I chose that year's book salon in Paris for my first reportage. I saw the posters for it on the way to buy the camera, at a place that closed for noon. After they fed they opened up the new shipment and discovered that they indeed had the cameras advertised. Just amazing!
Online that night I found a Web site to take my reportage. Then I went around taking photos - testing the thing - and whaddya know? - it worked. Yeah, well, really cheesy, tiny, blurry, full auto everything, push the button and it held eight shots in its miniscule onboard memory. I was ready to roll on to fame and fortune.
On that day, Friday March 17, 1995, I rode over to Paris Expo from my distant suburb and covered the book salon, which features everything about the French publishing world. I got six kilos of brochures and nicknacks and my eight photos and headed back to the outer boonies.
Did I say it was Saint Patrick's Day? Did I say my wife was Irish? Did I say she invited all the Irish she knew, all the wannabe Irish, the pretenders, and all the outright lushes? I guess I must have forgotten, just like I did in 1995.
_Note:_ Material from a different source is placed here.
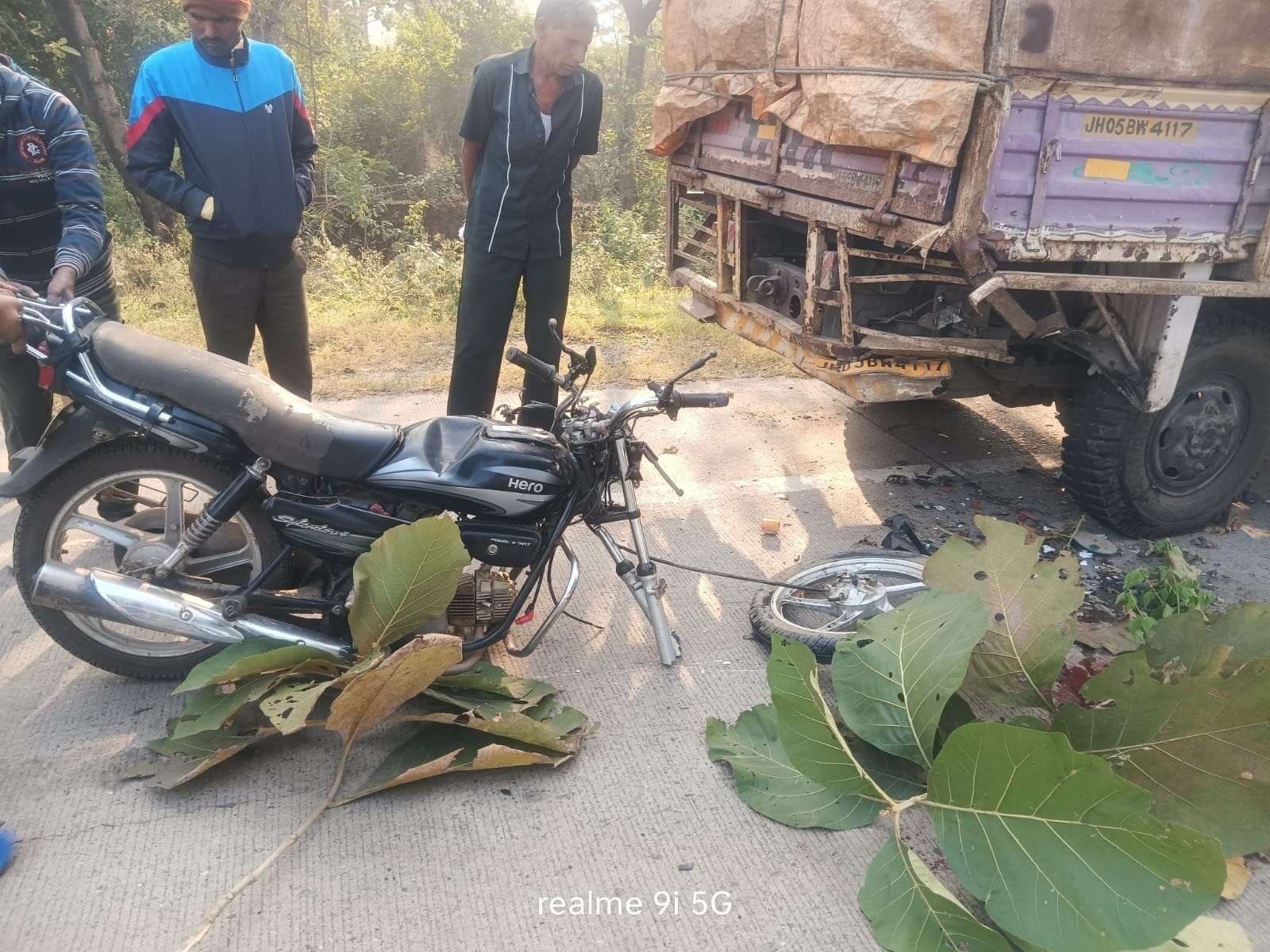 Bokaro News: चास नगर निगम क्षेत्र में नहीं बन सका ट्रांसपोर्ट नगर, काल बनकर सड़क किनारे खड़े रहते हैं भारी वाहन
I served drinks. I passed around peanuts and crackers. I opened beers and poured wines. I was useful. I even got out the new digital camera and took some shots of folks who were too plastered to care how plastered they looked. They even loved the photos - same day photos of themselves, plastered. If they don't remember I probably still have them.
Some folks passed out. The polite way to put it, is they became overtired. Saint Patrick's after all. So there I was, with 35 dirty glasses and peanut plates, ashtrays fulla butts, wads of confetti and fading shamrocks, you know one-thirty going for two am, when I got to do the book salon photos and write my report. A job is a job I thought and got to it.
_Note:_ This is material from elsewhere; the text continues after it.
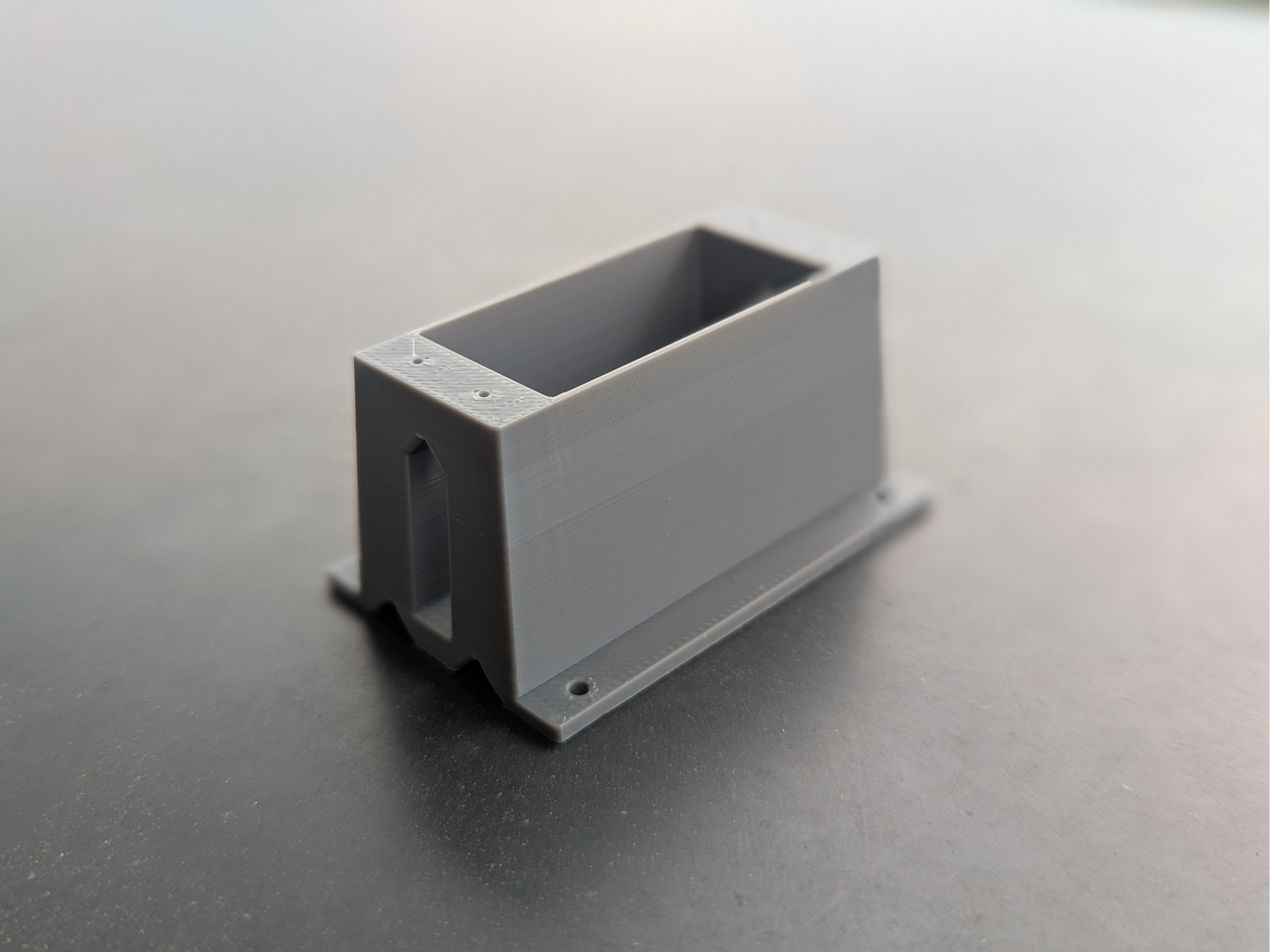 Universal Servo Mount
The photos had been transferred to the computer's hard disk. The Saint Patrick photos were there too, ready to be used for blackmail. The book salon photos - opened - totally black. What? Like tar. What?
Photoshop to the rescue. You take a photo, looks like tar, and you bend it as far as it will go, until just before it begins to look like three-week old guacamole with lumpy sand in it. Sometimes I went too far and had to start over. It took hours. Four o'clock came and went. I got three or four photos, finally, looking like they were taken with a Brownie with the film in backwards, except they were worse.
That's when I started writing. My report. Followed by the book salon program, three or four days of it, special events, authors appearing, just endless and spelling the damn names correctly harder and harder. Finally, I boosted it all off to California and went to bed about six-thirty just as the local birds began their breakfast tweets.
Now today, Saint Paddy's again, there I was on Fifth Avenue behind the police barricades, looking for a good spot after all the first row seats were taken. It wasn't raining, forecast for sun, best day of the week, and the only sour ointment flying around was the wind pumping out of freezing Central Park, to slot into the funnel formed by Fifth Avenue. Ohhh, lordy my little fingers!
I took refuge in the Apple Store. A clean, well-lit place, underground, full of intent kids playing with iPods and AirBooks, totally ignoring the Paddys passing above ground, their skirts flying in the wind.